Peran Media Sosial Dalam Demokrasi
Di era modern saat ini, segala bentuk peristiwa tidak hanya disebarkan oleh media konvensional, seperti televisi, radio, dan koran. Media sosial sebagai media baru telah menjadi tempat di mana segala bentuk peristiwa disiarkan dan disebar kepada seluruh masyarakat. Bahkan, banyak banyak badan usaha media saat ini menggunakan berbagai platform media sosial seperti Tiktok, Instagram, Youtube, dan Facebook, untuk menyebarkan berbagai konten beritanya, hal ini dikenal sebagai konvergensi media. Dengan demikian, dapat diketahui bahwa media sosial saat ini merupakan platform yang strategis dan relevan untuk menyebarkan segala jenis informasi dan berbagai konten lainnya.
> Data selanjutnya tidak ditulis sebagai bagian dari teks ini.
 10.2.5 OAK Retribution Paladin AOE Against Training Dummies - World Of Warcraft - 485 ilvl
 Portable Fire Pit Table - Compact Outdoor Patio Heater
Mengenai perannya sebagai wadah berdemokrasi, Media sosial menyediakan akses yang lebih universal daripada media konvensional. Mulai dari warga sipil, pejabat, dan lain-lain, dapat mengakses media sosial dan menggunakannya sebagai wadah komunikasi politik dan menyatakan pendapat. Bahkan, pada Pemilu 2024, media sosial masif digunakan untuk berkampanye demi mendongkrak suara. Selain itu, Hampir seluruh platform media sosial digunakan untuk bertukar pikiran dengan cara berdebat mengenai kontestasi Pemilu. Hal tersebut menunjukkan bahwa media sosial memang layak dijadikan wadah untuk berdemokrasi, karena akses media sosial cukup universal bagi semua pihak dan kemungkinan bagi mereka bertukar isu dan gagasan.
Dampak Media Sosial Sebagai Wadah Berdemokrasi
Meskipun media sosial menciptakan beragam manfaat bagi masyarakat, bukan berarti tidak terdapat dampak negatif setelah menjadikannya sebagai wadah berdemokrasi. Penggunaaan media sosial yang tidak dibarengi dengan kualitas sumber daya manusia yang baik akan menciptakan dampak negatif yang cukup destruktif. Berbagai problematika dalam menggunakan media sosial, mulai dari ujaran kebencian, cyberbullying, hingga disrupsi informasi. Adapun berbagai problematika dalam media sosial terangkum sebagai berikut:
1. Penyebaran Informasi Palsu (Hoax)
Menurut KBBI, hoax dapat diartikan sebagai berita bohong, kabar dusta, atau informasi palsu. Tujuan dari penyebaran hoax di media sosial pun beragam, bisa karena kepentingan politik atau kekuasaan, ekonomi, sentimen, atau sekadar iseng semata (Astrini, 2017). Menurut riset Masyarakat Telematika (Indonesia, 2017), sebanyak 91,8% responden menyatakan bahwa mereka sering mendapatkan informasi hoax mengenai sosial-politik, dan 88,6% mengenai Suku, Ras, Agama, dan Antar golongan (SARA). Dengan paparan data tersebut, berita hoax dapat menjadi ancaman bagi integrasi bangsa dan menimbulkan perpecahan antar masyarakat.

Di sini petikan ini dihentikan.